• _Material supplied_:
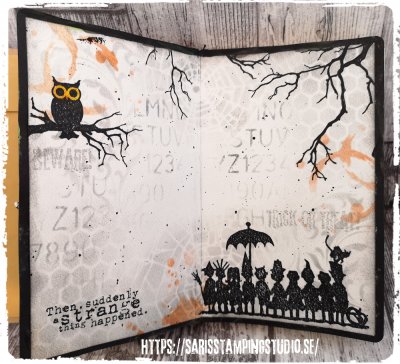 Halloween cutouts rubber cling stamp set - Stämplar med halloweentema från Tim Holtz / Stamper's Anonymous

--

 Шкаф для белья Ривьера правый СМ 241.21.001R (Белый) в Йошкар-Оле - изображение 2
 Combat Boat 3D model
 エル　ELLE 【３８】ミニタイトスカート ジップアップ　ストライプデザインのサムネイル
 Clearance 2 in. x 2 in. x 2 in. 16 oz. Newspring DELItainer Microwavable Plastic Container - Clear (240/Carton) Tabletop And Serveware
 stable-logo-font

• _Problem to work on_:
Could you return exactly the lines above from the line with "Шкаф для белья" to the line with "stable-logo-font", both included, and nothing else?

• _Task answer_:
 Шкаф для белья Ривьера правый СМ 241.21.001R (Белый) в Йошкар-Оле - изображение 2
 Combat Boat 3D model
 エル　ELLE 【３８】ミニタイトスカート ジップアップ　ストライプデザインのサムネイル
 Clearance 2 in. x 2 in. x 2 in. 16 oz. Newspring DELItainer Microwavable Plastic Container - Clear (240/Carton) Tabletop And Serveware
 stable-logo-font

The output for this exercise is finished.